• **Requirement**: Please repeat the lines below, exactly and only, from the one that holds "Shop Balmain Logo Band Bra Top In Black" through the one that holds "Portable Water Filtration".

── Data for this exercise ──

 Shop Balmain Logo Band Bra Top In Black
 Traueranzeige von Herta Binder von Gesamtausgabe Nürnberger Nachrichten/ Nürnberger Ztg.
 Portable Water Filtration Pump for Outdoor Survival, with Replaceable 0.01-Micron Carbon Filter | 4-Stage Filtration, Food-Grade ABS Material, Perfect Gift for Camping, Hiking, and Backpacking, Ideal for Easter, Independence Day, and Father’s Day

───
── Data for this exercise ──

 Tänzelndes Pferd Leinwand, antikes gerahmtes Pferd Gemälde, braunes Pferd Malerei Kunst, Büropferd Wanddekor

───

• **Solution to this exercise**:
 Shop Balmain Logo Band Bra Top In Black
 Traueranzeige von Herta Binder von Gesamtausgabe Nürnberger Nachrichten/ Nürnberger Ztg.
 Portable Water Filtration Pump for Outdoor Survival, with Replaceable 0.01-Micron Carbon Filter | 4-Stage Filtration, Food-Grade ABS Material, Perfect Gift for Camping, Hiking, and Backpacking, Ideal for Easter, Independence Day, and Father’s Day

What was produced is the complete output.